Published online by Cambridge University Press: 05 August 2012
He who desires or attempts to reform the government of a state, and wishes to have it accepted and capable of maintaining itself to the satisfaction of everybody, must at least retain the semblance of the old forms; so that it may seem to the people that there has been no change in the institutions, even though they are entirely different from the old ones.
Niccolò MachiavelliThe newly emerging regimes, democracies or otherwise, around the world, including those of the breakaway republics of the former Soviet Union, provide a wide range of vastly different possibilities for political change and regime transitions. This range includes states that have been challenged on either one or two fronts: the legitimacy of the political entity itself and/or the nature of its regime.

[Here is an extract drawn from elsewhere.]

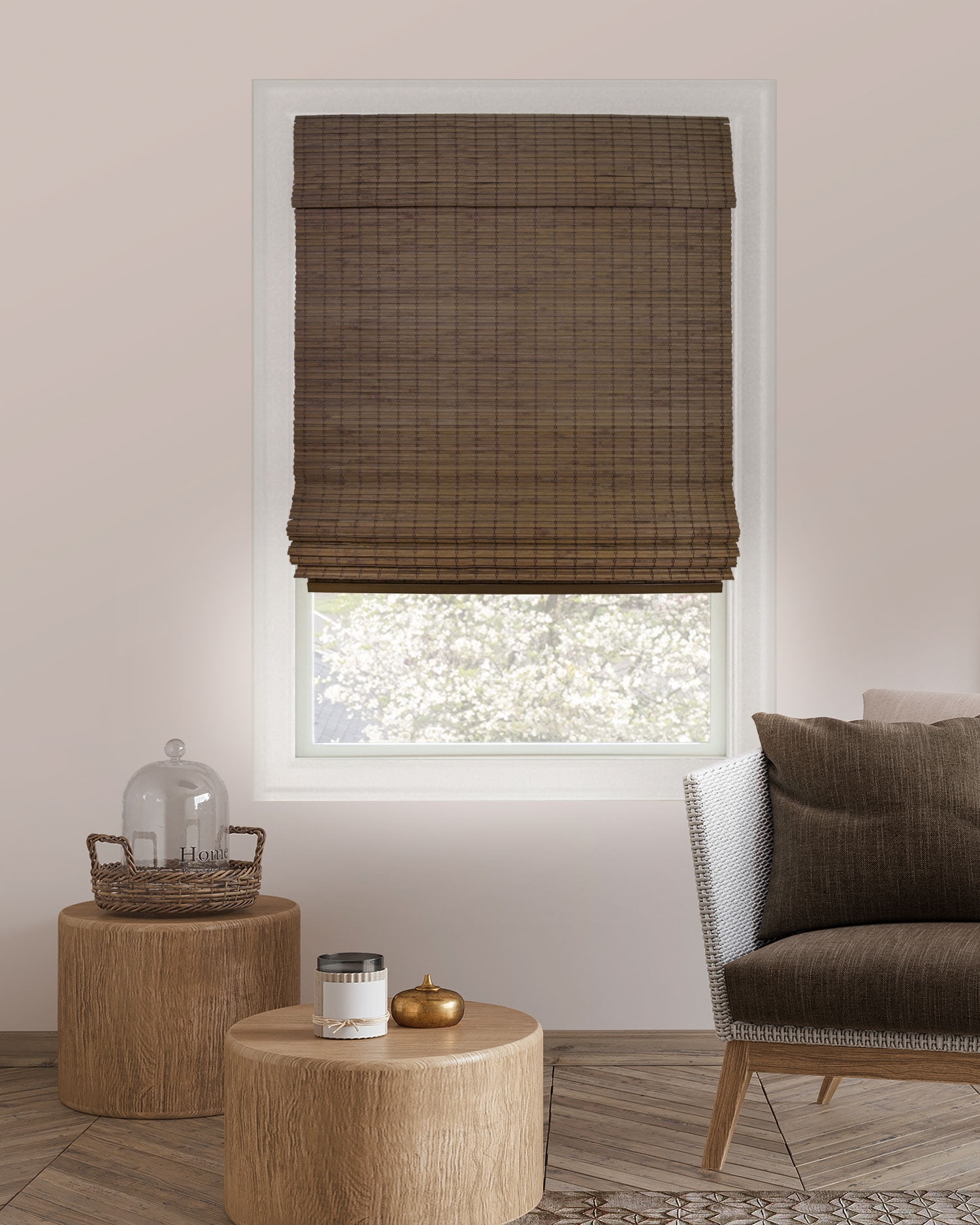 Chicology 39"W x 64"H Moose Cordless Bamboo Roman Shades, Natural Woven Wood, Light Filtering, Safe for Kids & Pets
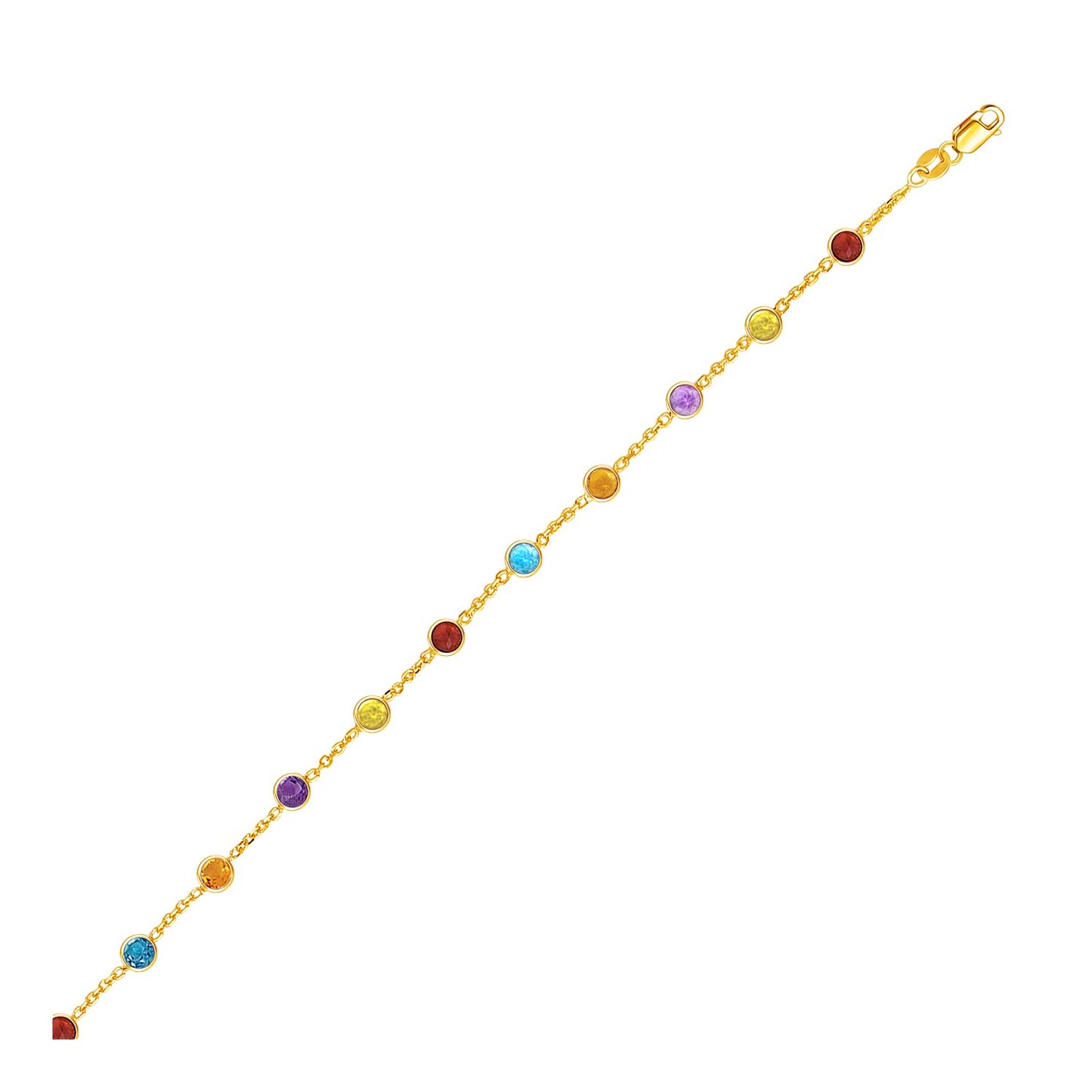 14k Yellow Gold Cable Anklet with Round Multi Tone Stations - The Best Accessory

First, there are states whose very existence, because of their multiethnic compositions and the crisis associated with political changes in nondemocratic regimes, failed to acquire or sustain de jure status over the full territory to which they claim sovereignty. This fact has led to the complete dissolution of the states, the partial breakup of constituent entities within the former state, the emergence of new states, or the subsuming of, or capitulation to, former state institutions. Examples of the last two categories could be the way in which Yeltsin and Russia absorbed the major institutions of Soviet power, and the way the former German Democratic Republic was absorbed by the larger institutions of the Federal Republic.